提言は「(経済成長の源泉である)生産性とは賃金水準そのものであり、賃金が上がらなければ将来の社会保障も支えられない」と指摘。「コロナ禍の厳しい状況でも、将来を見通し、最賃の水準を少しでも上げることに取り組まなければならない」と強調する。
新型コロナの影響を避けようと、若者が地方への移住を考える際、最賃の地域間格差はその妨げになるとも述べ、「東京一極集中を是正する観点からも全国一律最賃は不可欠」とした。
全国一律には約10年の経過措置をとり、中小企業への安定的で効果的な支援策が必要とする。財源は、内部留保に0・5%課税し毎年2兆2500億円を確保する意見を紹介している。

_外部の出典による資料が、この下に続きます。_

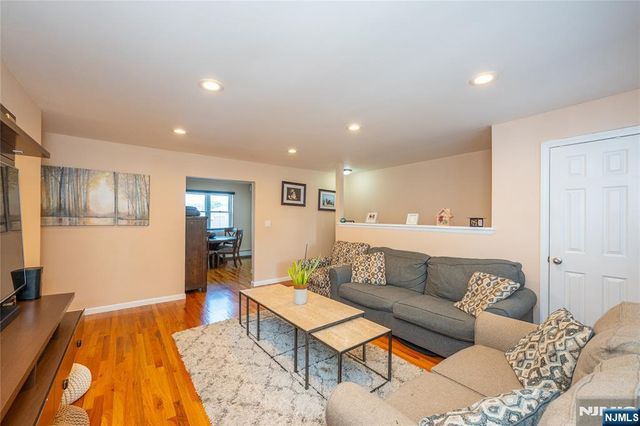 24 Manchester Court 62, Wayne, NJ 07470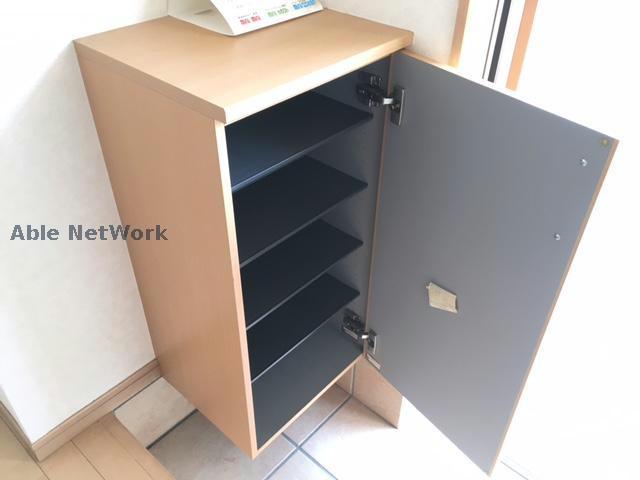 玄関　シューズボックス付き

幹事長の山本幸三・元地方創生担当相は、安倍首相が6月、政府の全世代型社会保障検討会議でコロナ禍を理由に最賃引き上げに慎重姿勢を示したとの報道に触れ「ぶったまげた。将来の社会保障を維持できないと言っているのと同じだ。こんなばかな話が政府でされているとすれば、しっかり正していかなければならない」と語った。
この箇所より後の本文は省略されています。